→ **WHAT THE TASK ASKS**: Exactly as written, transcribe the data from its opening line through the line containing "Focus Center Square Icon from Core Duo Set". Leave every picture out.

Web page caption snippets:
-=-=-

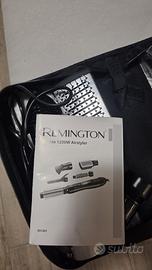 Spazzola ad aria calda Remington con accessori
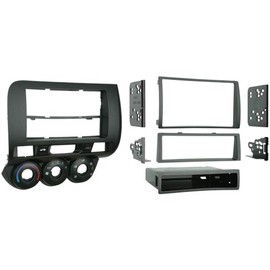 Harmony Audio Compatible with Honda Fit 2007 2008 Multi DIN Aftermarket Stereo Harness Radio Install Dash Kit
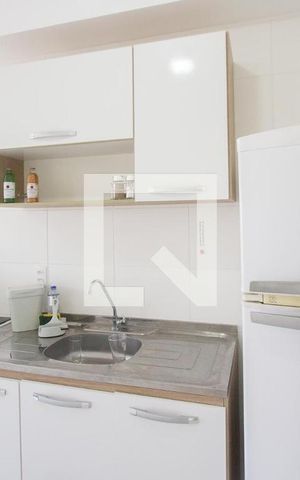 Apartamento para alugar com 28m², 1 quarto e sem vagaCozinha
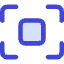 Focus Center Square Icon from Core Duo Set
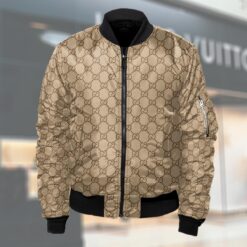 Limited Edition GUCCI Bomber Jacket for Men And Women MRS-BMJ-000KSQDAJMG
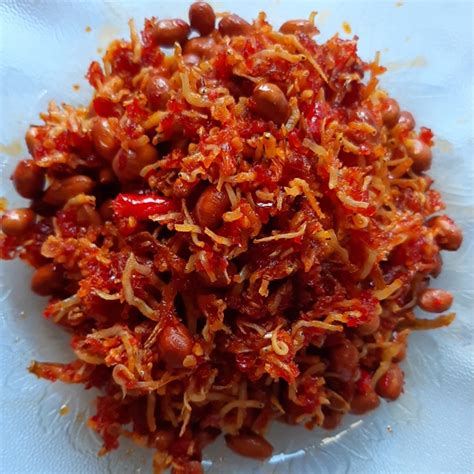 Jual TERI NASI MEDAN MATANG KACANG BALADO NO MSG 200Gr Shopee Indonesia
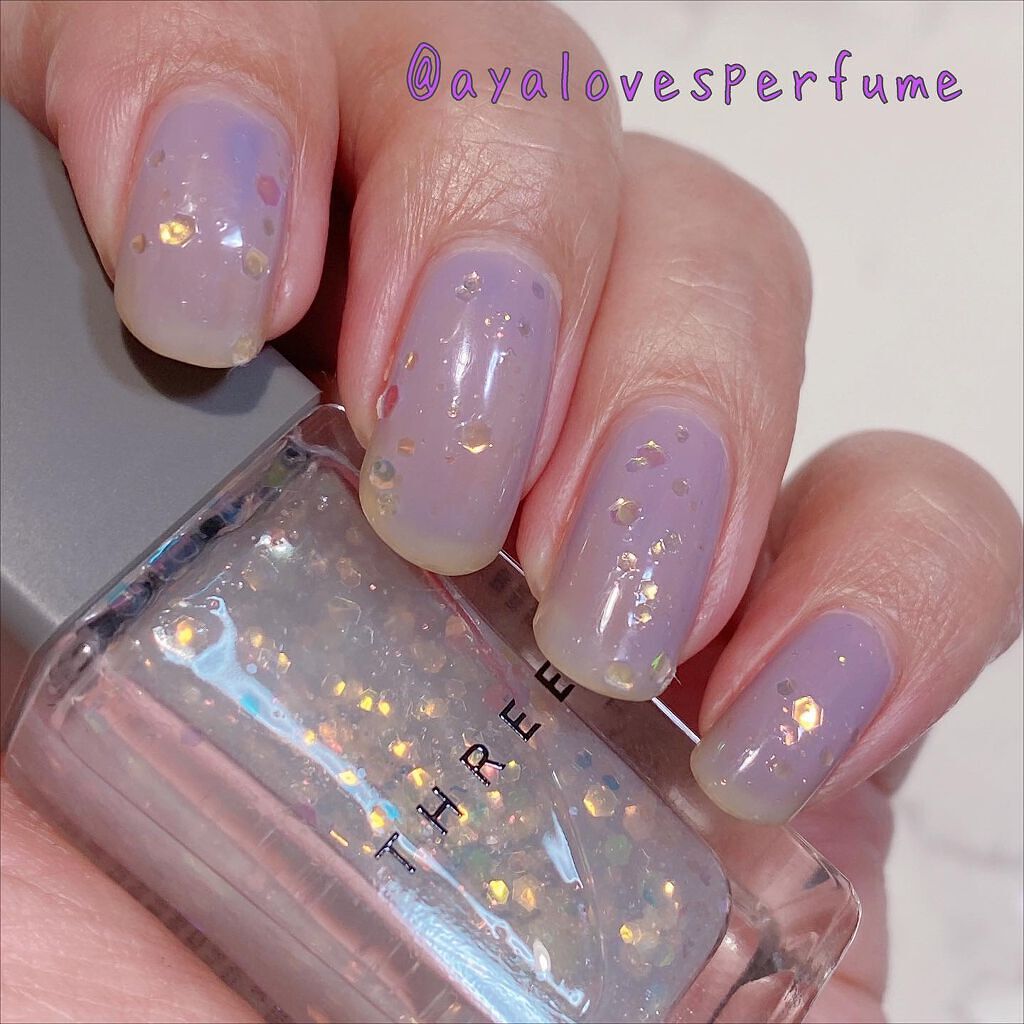 ネイルポリッシュ/THREE/マニキュアを使ったクチコミ(1枚目)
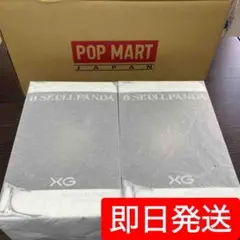 新品未開封2個 SKULLPANDA XG スカルパンダ ぬいぐるみペンダント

-=-=-

→ **TASK SOLUTION**:
 Spazzola ad aria calda Remington con accessori
 Harmony Audio Compatible with Honda Fit 2007 2008 Multi DIN Aftermarket Stereo Harness Radio Install Dash Kit
 Apartamento para alugar com 28m², 1 quarto e sem vagaCozinha
 Focus Center Square Icon from Core Duo Set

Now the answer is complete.